Your objective:
Could you set down only the lines from the one including "Ön Çamurluk Davlumbazı" to the end of the records below, inclusive and exact, leaving pictures out?

══ Data records

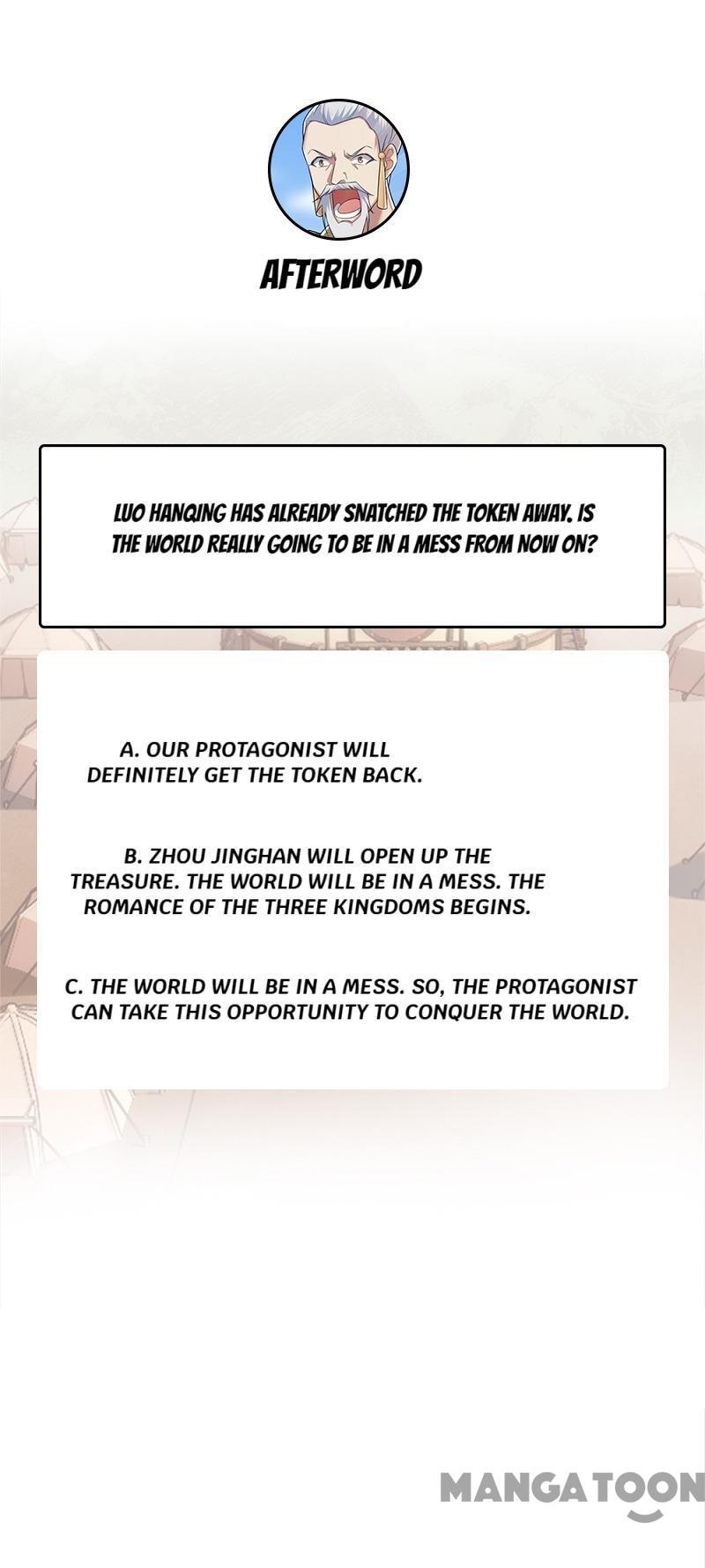 Revenge of a Fierce Princess Chapter 210 - page 37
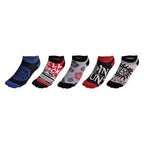 Imagen del producto Supernatural - Set de 5 calcetines con símbolos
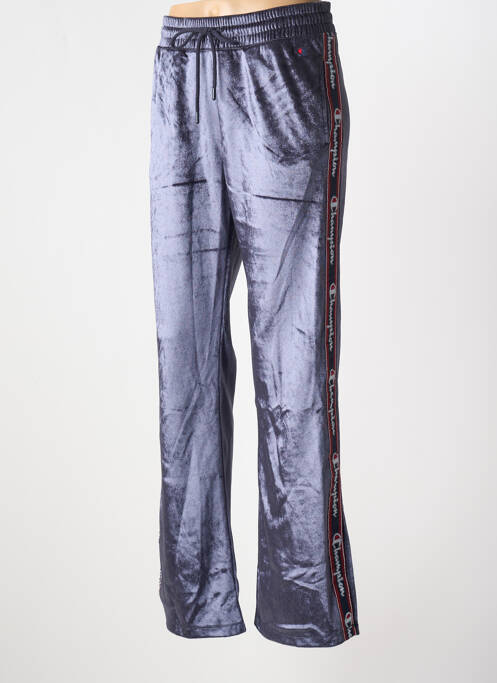 Jogging bleu CHAMPION femme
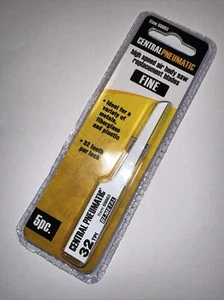 5 FINE Bi-Metal Central Pneumatic High Speed Air Body Saw Replacement Blades 32T - Picture 1 of 10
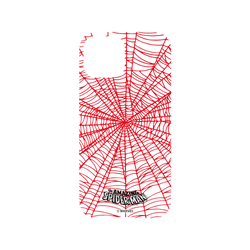 犀牛盾Mod NX (MagSafe 兼容)手機殼 - iPhone 13 mini - 迪士尼-漫威 Marvel - 蜘蛛人-紅蜘蛛網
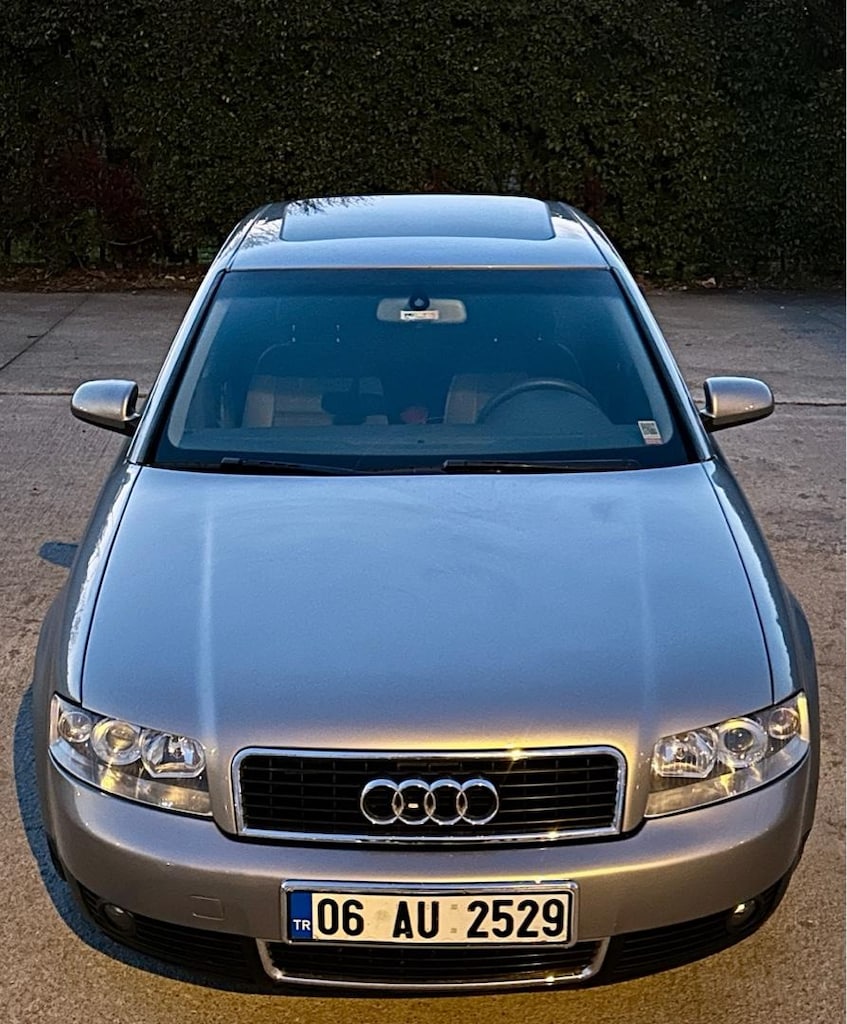 EMSALLERİNE GÖRE UYGUN FİYATLI TEMİZ AUDİ A4 - 8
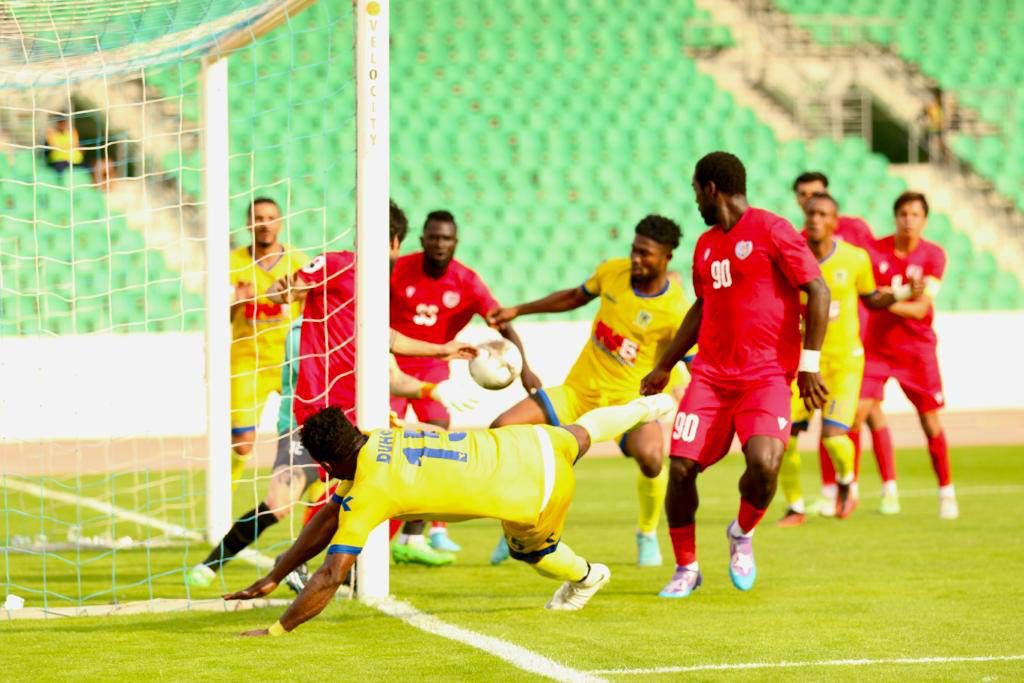 تعادلان في الدوري العراقي الممتاز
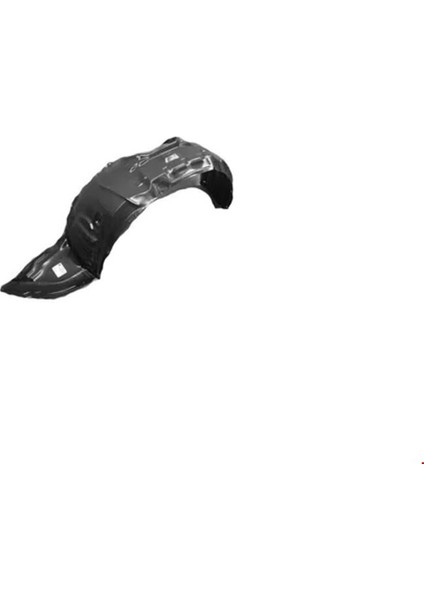 Ön Çamurluk Davlumbazı Sol 3 2010-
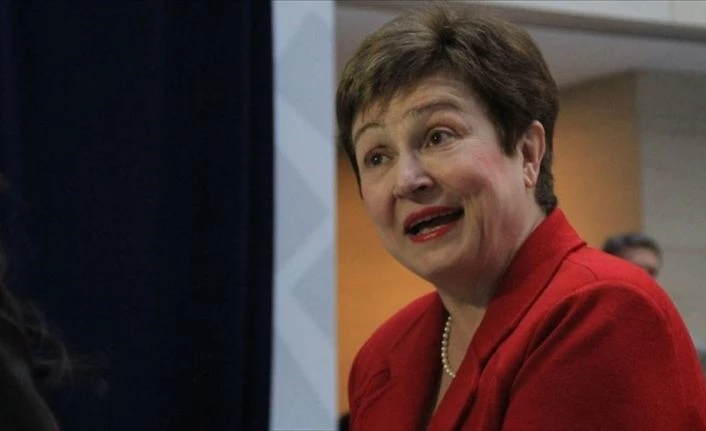 IMF Başkanı Georgieva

════

Expected answer:
 Ön Çamurluk Davlumbazı Sol 3 2010-
 IMF Başkanı Georgieva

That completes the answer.